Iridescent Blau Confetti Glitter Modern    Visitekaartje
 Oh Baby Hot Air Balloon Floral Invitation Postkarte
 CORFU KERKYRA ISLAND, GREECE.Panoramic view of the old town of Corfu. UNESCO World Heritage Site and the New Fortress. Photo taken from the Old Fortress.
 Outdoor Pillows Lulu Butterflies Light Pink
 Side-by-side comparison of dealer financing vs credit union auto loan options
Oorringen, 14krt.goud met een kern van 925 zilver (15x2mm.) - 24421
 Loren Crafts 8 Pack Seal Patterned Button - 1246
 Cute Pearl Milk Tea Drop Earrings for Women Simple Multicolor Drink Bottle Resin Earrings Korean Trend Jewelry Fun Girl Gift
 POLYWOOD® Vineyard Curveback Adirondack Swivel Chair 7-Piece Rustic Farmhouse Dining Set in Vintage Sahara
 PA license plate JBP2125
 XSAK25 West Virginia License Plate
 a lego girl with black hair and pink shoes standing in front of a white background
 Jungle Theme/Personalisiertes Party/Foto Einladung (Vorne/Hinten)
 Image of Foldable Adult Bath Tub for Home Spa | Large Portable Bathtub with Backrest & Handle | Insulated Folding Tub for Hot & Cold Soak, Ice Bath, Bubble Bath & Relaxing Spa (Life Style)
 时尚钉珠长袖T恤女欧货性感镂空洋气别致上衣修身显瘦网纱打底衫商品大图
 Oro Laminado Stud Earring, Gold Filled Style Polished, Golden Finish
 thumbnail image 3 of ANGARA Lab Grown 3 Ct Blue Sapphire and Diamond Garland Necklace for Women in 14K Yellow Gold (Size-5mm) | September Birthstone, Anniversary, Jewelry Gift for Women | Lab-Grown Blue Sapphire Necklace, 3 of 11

*INSTRUCTIONS FOR THE TASK*
Recopy all the entries faithfully, leaving none out.

*RESULT FOR THIS TASK*
Iridescent Blau Confetti Glitter Modern    Visitekaartje
 Oh Baby Hot Air Balloon Floral Invitation Postkarte
 CORFU KERKYRA ISLAND, GREECE.Panoramic view of the old town of Corfu. UNESCO World Heritage Site and the New Fortress. Photo taken from the Old Fortress.
 Outdoor Pillows Lulu Butterflies Light Pink
 Side-by-side comparison of dealer financing vs credit union auto loan options
Oorringen, 14krt.goud met een kern van 925 zilver (15x2mm.) - 24421
 Loren Crafts 8 Pack Seal Patterned Button - 1246
 Cute Pearl Milk Tea Drop Earrings for Women Simple Multicolor Drink Bottle Resin Earrings Korean Trend Jewelry Fun Girl Gift
 POLYWOOD® Vineyard Curveback Adirondack Swivel Chair 7-Piece Rustic Farmhouse Dining Set in Vintage Sahara
 PA license plate JBP2125
 XSAK25 West Virginia License Plate
 a lego girl with black hair and pink shoes standing in front of a white background
 Jungle Theme/Personalisiertes Party/Foto Einladung (Vorne/Hinten)
 Image of Foldable Adult Bath Tub for Home Spa | Large Portable Bathtub with Backrest & Handle | Insulated Folding Tub for Hot & Cold Soak, Ice Bath, Bubble Bath & Relaxing Spa (Life Style)
 时尚钉珠长袖T恤女欧货性感镂空洋气别致上衣修身显瘦网纱打底衫商品大图
 Oro Laminado Stud Earring, Gold Filled Style Polished, Golden Finish
 thumbnail image 3 of ANGARA Lab Grown 3 Ct Blue Sapphire and Diamond Garland Necklace for Women in 14K Yellow Gold (Size-5mm) | September Birthstone, Anniversary, Jewelry Gift for Women | Lab-Grown Blue Sapphire Necklace, 3 of 11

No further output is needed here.